In a recent lectio magistrali he delivered at Queen’s University in Belfast, Deputy Prime Minister Martin McGuinness, addressed the issue of reconciliation, which Sinn Fein believes needs to be the next phase of the peace process. “Republicans, – said McGuinness in his speech to the students of Queen’s – seek to help heal the wounds of the past and build a better future. I believe we have already led the way in terms of reaching out the hand of friendship by taking initiatives that demonstrate in a tangible way that we want to share this island with our unionist brothers and sisters. We respect their traditions, their culture and their narrative. And we ask only for that respect to be reciprocated”.
Underlining the importance, for Republicans, of the commemoration of the 100th anniversary of the Easter Rising (soon crashed in blood but which led to the Proclamation of the Republic of Ireland), McGuinness said: “Consolidating and stabilising the peace means that Republicans must understand and be respectful to the key historic events that shaped Unionist culture and identity. As Republicans we must make a huge effort to engage people from the Unionist community in 1916 commemorative events. These events must be open and inclusive. Our words of reconciliation must be matched by our presence at key commemorative events that are important to the Unionist community”.
Sinn Féin launched the Uncomfortable Conversations initiative in March 2012 in an effort to understand and address the genuine fears and concerns of Unionists in a meaningful way. This, McGuinness said “was recognition that if we are to promote reconciliation then we need to shape an authentic engagement process. This is the central thrust of the initiative”.
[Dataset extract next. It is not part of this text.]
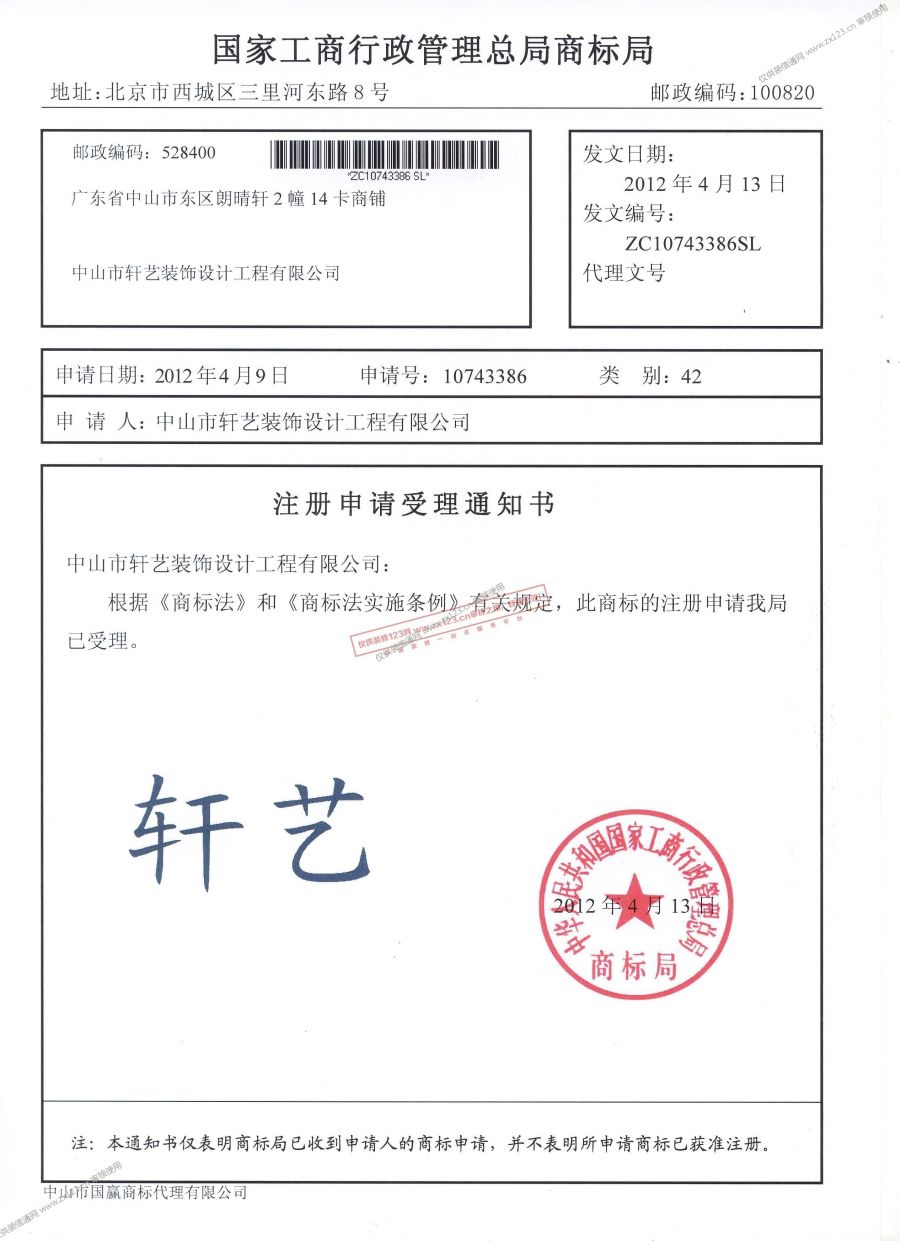 广东商标注册代理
The Deputy Prime Minister said that to him “2016 presents all traditions on this island with the opportunity to engage in a new conversation: a conversation that is forward looking and which learns from the past, a conversation that seeks to heal the wounds and division of our past conflicts. Such conversations will be uncomfortable for many as we are collectively introduced to the ideas, thoughts and aspirations of others”.
In November the DUP (Democratic Unionist Party of First Minister Arlene Foster) and Sinn Féin took control of the endless talks process and, recognising their respective responsibilities to show leadership, to deliver for the people, to break the log-jam, they quickly reached agreement on issues that had brought the political institutions to the verge of collapse.
Since the Fresh Start Agreement (as the new agreed strategy was called) there has been a new approach, which Sinn Féin thinks is delivering real results and improved government. “This is – said McGuinness – the approach of agreeing where we can and respecting each other’s perspectives where we cannot, that is the way forward, the way to manage difference and deliver further progress”.
Clearly the journey in Ireland is not yet over: the peace process is still being implemented, as nothing can be taken for granted, as both communities know very well. Working together means building trust and reconciliation, which is, as McGuinness put it “the surest way to put the failures and pain of the past behind us forever”.